Sentenced to death by the Communist regime, Kuklinski lived to see a free Poland quash all charges against him, and to return to his native land in triumph in 1998. He was hosted to lunch by the prime minister and showered with the honorary citizenships of several Polish cities, all during the very week that the U.S. Senate voted to allow Poland into NATO. Given the fate of most defectors from the Soviet bloc —— some of them still face criminal sentences in their native lands —— this is a story of heroism and accomplishment with a remarkably happy end. Yet it is not an entirely happy story and Kuklinski did not die a satisfied man. Acceptance of his deeds came late, grudgingly, and still divides public opinion in Poland, testifying to the resilience of the Communist canon of Poland's recent history.
His diminutive figure casts in sharp relief all the dilemmas that are spared the lucky citizens of free countries that have never been occupied.
If your country has been taken over by a regime that is an agent of a foreign power, is it legitimate to use treachery to topple that regime? Is a country run by a repulsive ideology still your country —— right or wrong —— or do you owe loyalty to the nation rather than to the alienated state? Does patriotism have to be rooted in higher values or does tribal solidarity trump all? Finally, can one man be so sure of his moral compass and the consequences of his actions as to take it upon himself to judge that a normally distasteful act will serve the greater good? Kuklinski provokes all these questions in Poland and depending how you answer them you fall into the post-Communist or post-Solidarity camps. Tell me about Kuklinski, they say, and I will tell you who you are.

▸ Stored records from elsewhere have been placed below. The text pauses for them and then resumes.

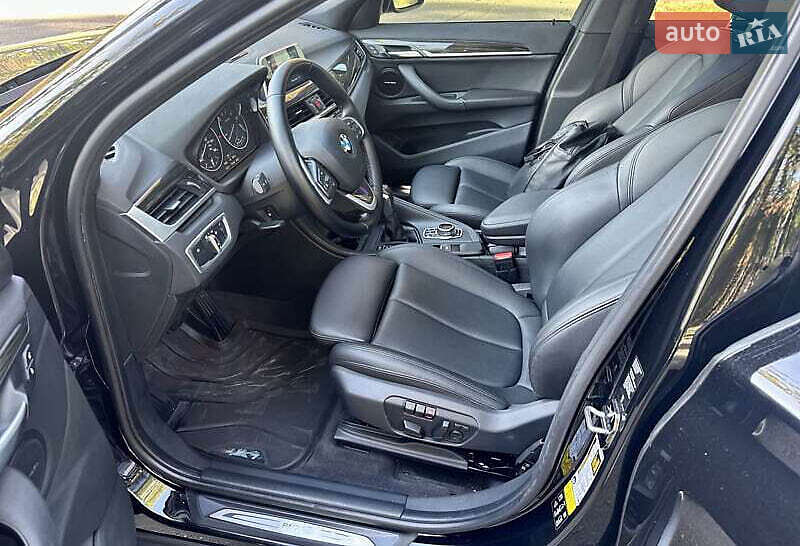Внедорожник / Кроссовер BMW X1 2018 в Киеве фото 12 Внедорожник / Кроссовер BMW X1 2018 в Киеве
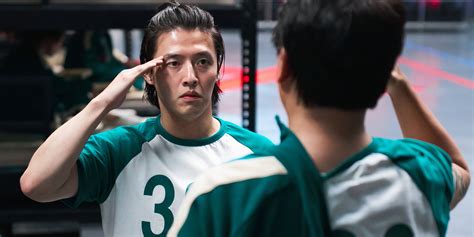 Daeho Kang (Squid Game) .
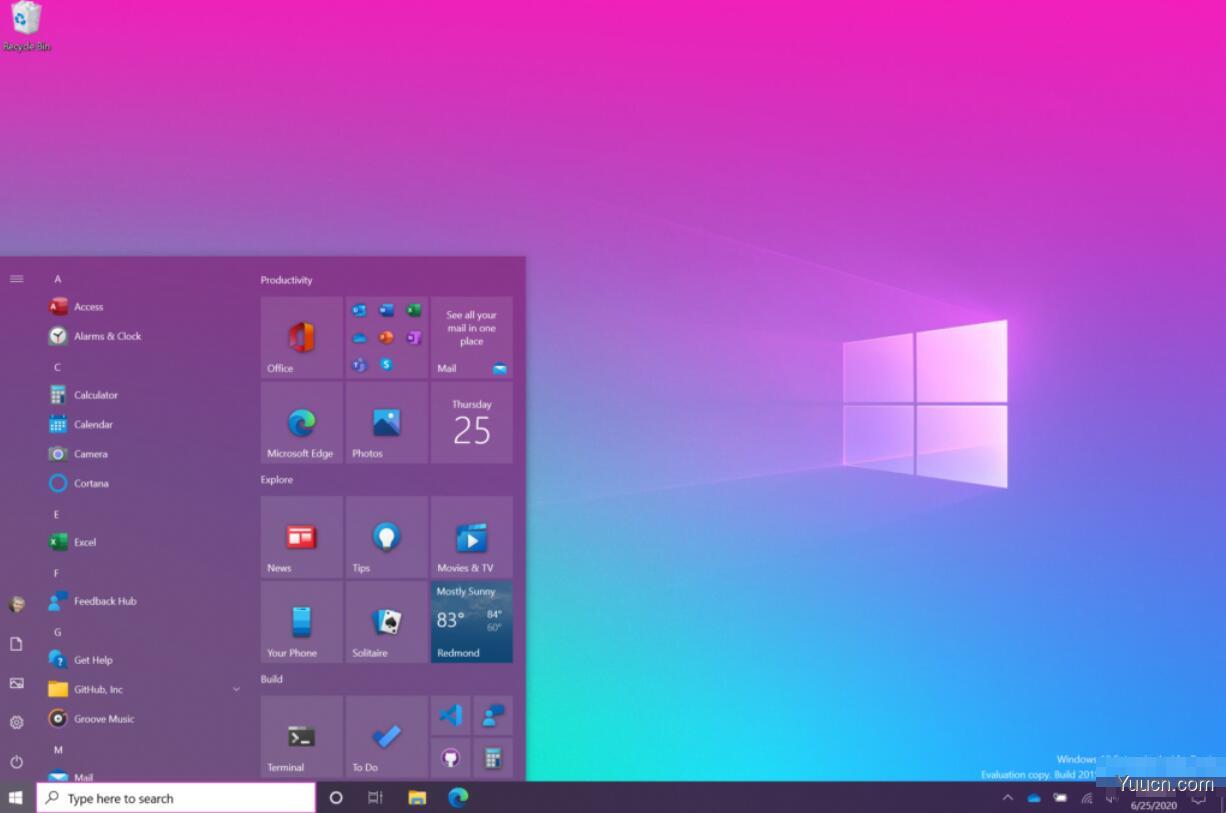 Win10 Build 19044.1381/19043.1381预览版累积更新补丁 KB5007253发布(附更新内容)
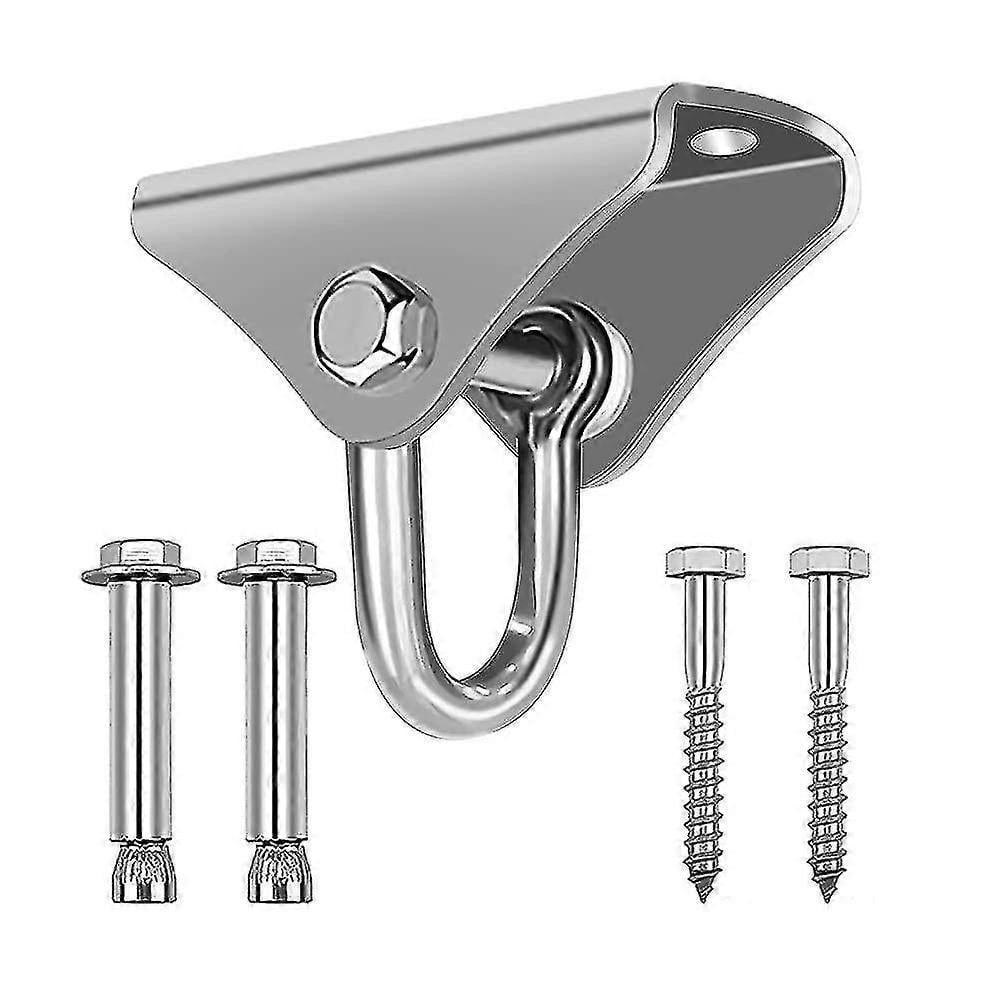 Hammock Hooks For Wall Heavy Duty Swing Hanger Hook Load Bearing Hooks Stainless Steel type 1 Walmart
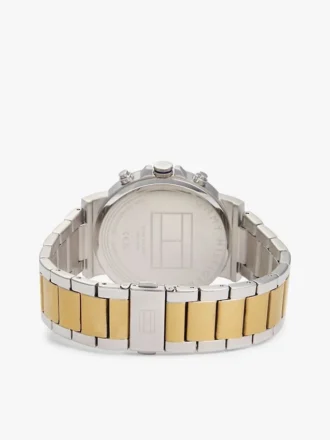 Relógio multifunções de 43 mm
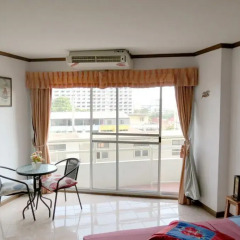 Отель View Talay 1B Apartments Таиланд, Паттайя - отзывы, цены и фото номеров - забронировать отель View Talay 1B Apartments онлайн комната для гостей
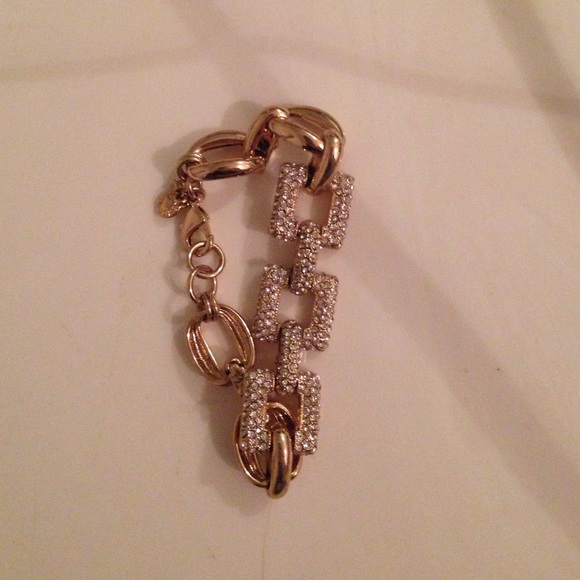 Jcrew sparkly bracelet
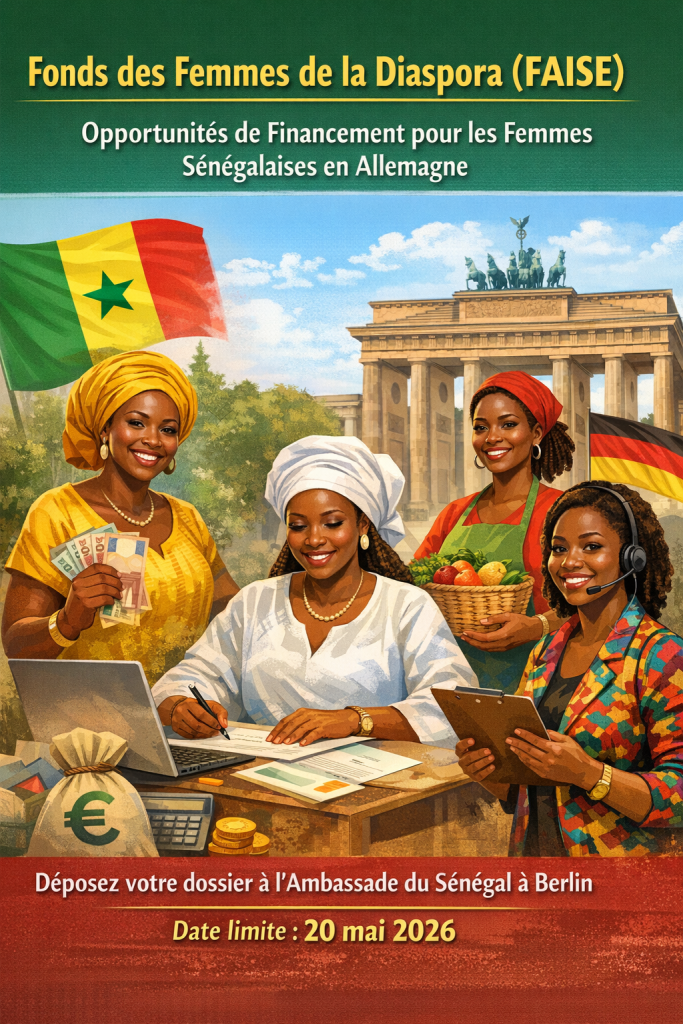 Fonds des Femmes de la Diaspora FAISE/FFD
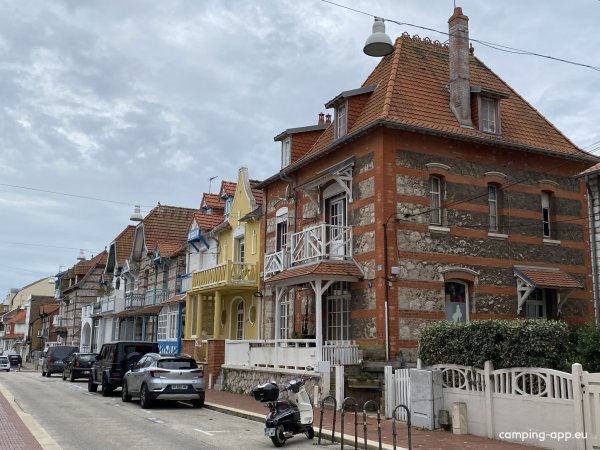 Caravaning Stoneham - Touquet & Co — Photo 5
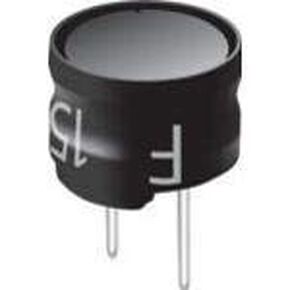 Bourns, RL262-822J-RC, RF Choke Wirewound 8.2mH 5% 252Khz 80Q-Factor 30mA 45Ohm DCR RDL حقيبة (150 قطعة/سلة) in Kuwait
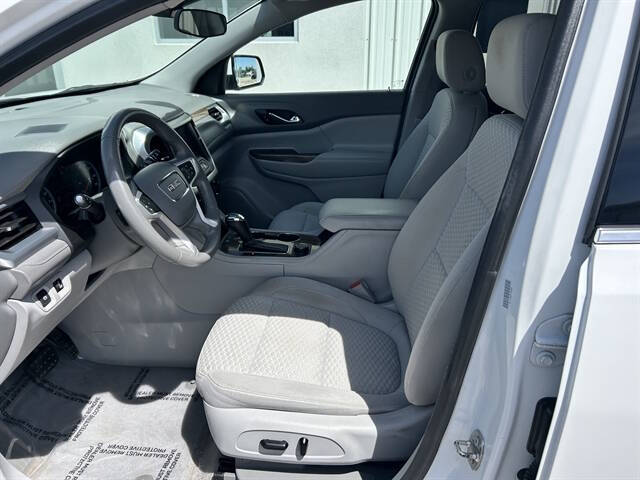 2019 GMC Acadia SLE-2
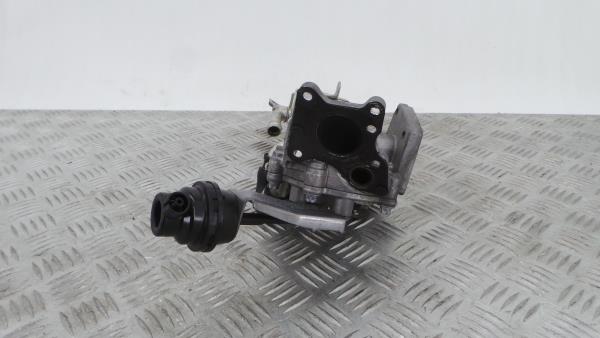 EGR gas radiator MERCEDES-BENZ Classe C (W204) Imagem-4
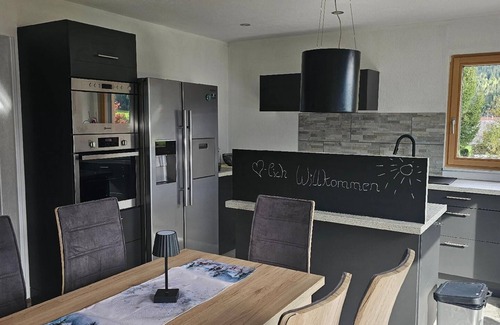 Radenthein Casa | Casa de vacaciones Radenthein para 1 - 6 personas con 2 dormitorios - Casa de vacaciones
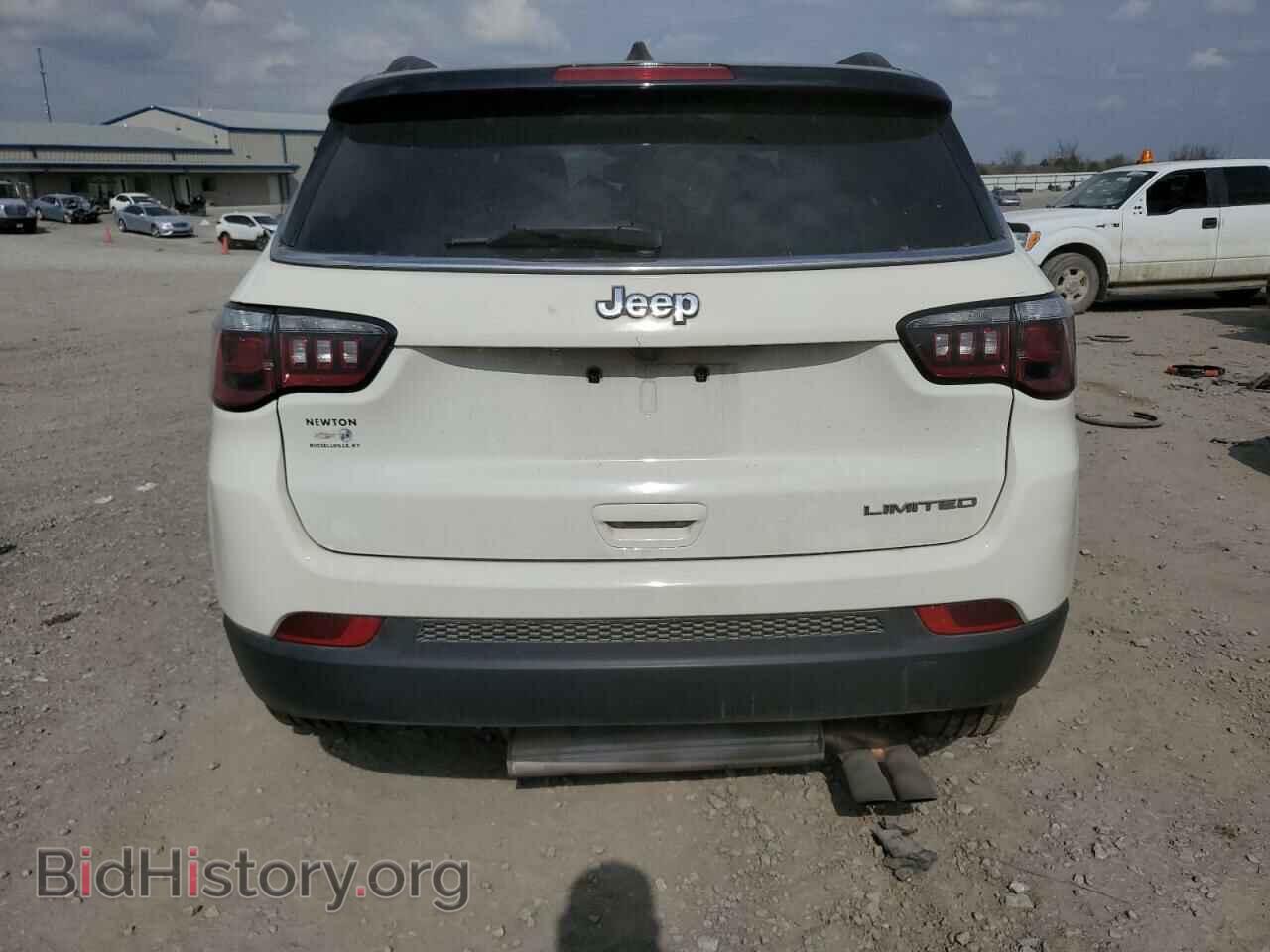 2020 JEEP COMPASS - VIN: 3C4NJCCB6LT108129 - Фото 6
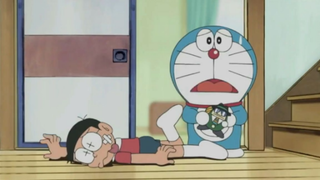 Review Phim Doraemon (Tập 11)_Chiếc Vòng Kết Bạn _ Shizuka Làm Cho Nobita Phải T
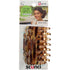 Scunci No Slip Crown Clip for Thick Hair, 1 ea (Pack of 6)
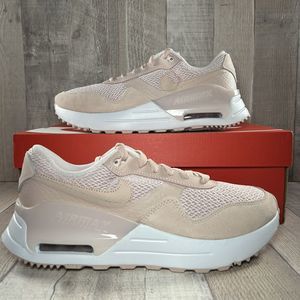 Air Max SYSTM Women's Sneaker Running Shoes Barely Pink Size 9 DM9538-600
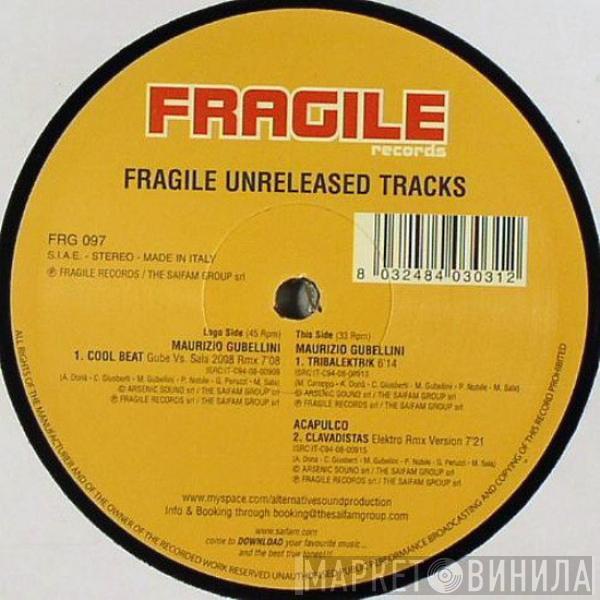 Maurizio Gubellini, Acapulco - Fragile Unreleased Tracks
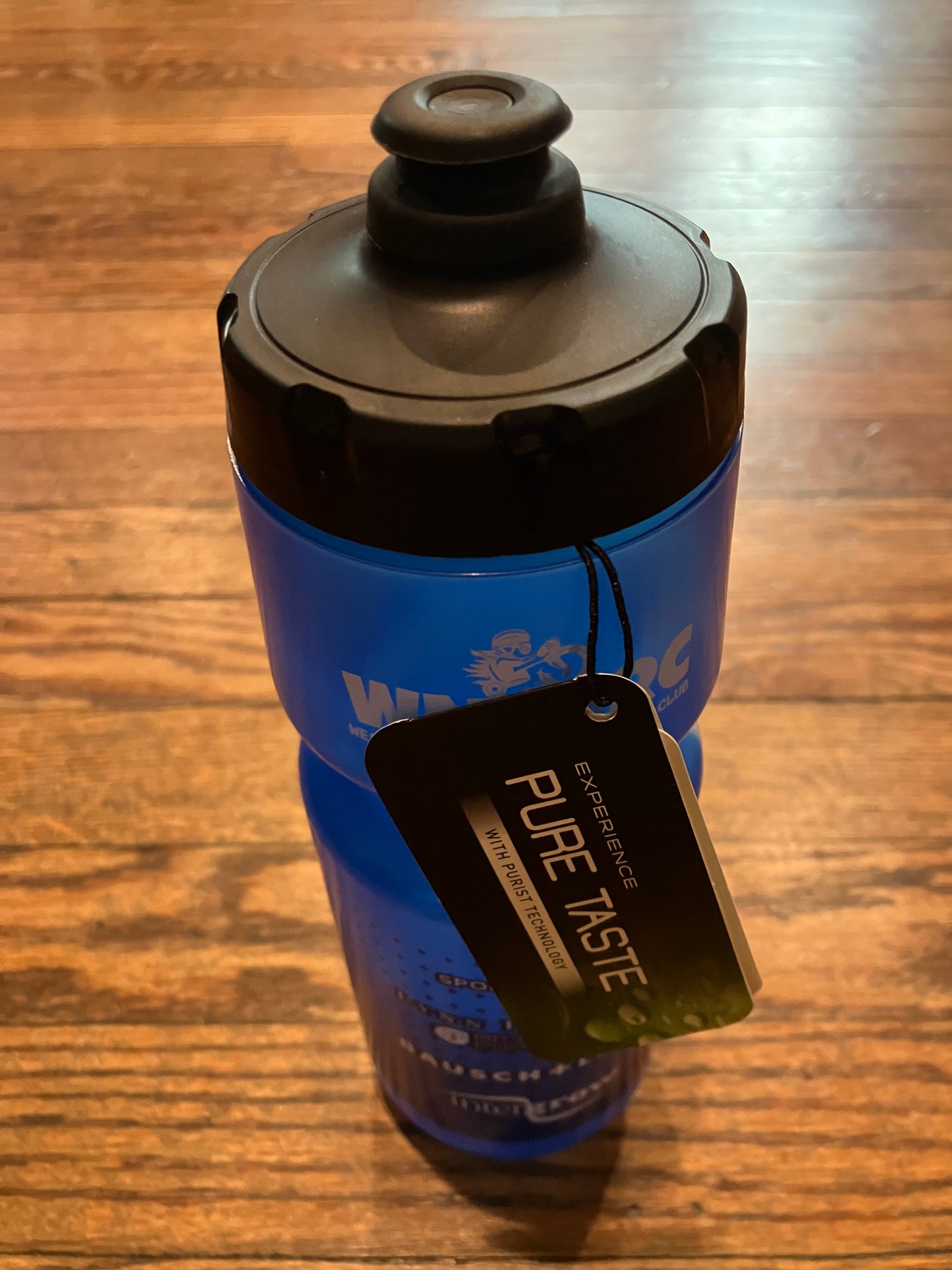 Ide Racing Purist Water Bottle - 26 Ounce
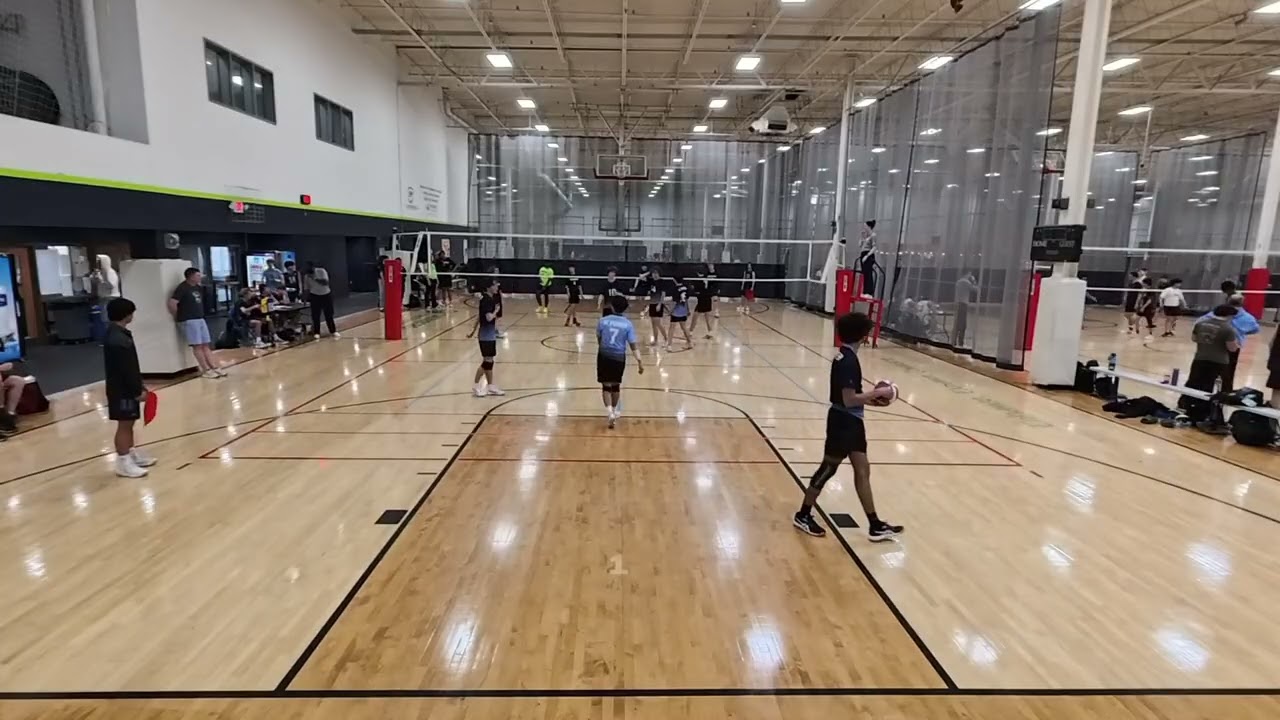 Nc Power vs High Rock second game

The great value of Benjamin Weiser's thorough book is that, for the first time, we can follow Kuklinski's story not just from reminiscences many years after the events, but from contemporary documents. Weiser obtained access to virtually the entire CIA file on the Kuklinski operation, and we can therefore be confident that little of substance will be added in future accounts.
What comes shining through in Weiser's story is not just
Kuklinski's idealistic motivation but the kind of selfless patriotism that is usually felt by men from nations that have just faced the abyss of extermination. A witness to Warsaw's wartime martyrdom —— his father had been murdered by the Nazis —— Kuklinski was in many ways a typical Pole of his generation. He tried to lead a normal life after the war, accommodating himself to the new Communist Poland by joining the army and the Party.
He contacted the Americans only in the early 1970s, partly out of disgust at the invasion of Czechoslovakia and partly because he was alarmed at what Soviet invasion plans against Western Europe would mean for Poland. Because the Warsaw Pact enjoyed superiority over the West in conventional arms, NATO planned to respond to an attack with nuclear weapons —— but because an attack against the USSR would provoke a full-blown strategic nuclear retaliation, NATO planned to nuke the Second Strategic Echelon of Soviet forces as they streamed West: across Poland. Kuklinski told me on one occasion that Soviet maps even showed areas —— tails broadening east with the prevailing wind —— that would be contaminated after hundreds of warheads struck. Was it treasonous for a Polish officer to try to preempt such a scenario, or was it treasonous to go along with it? One can't help agreeing with the 30 Communist generals who wrote —— in a public letter protesting Kuklinski's exoneration —— that "if he is a hero, then we are traitors."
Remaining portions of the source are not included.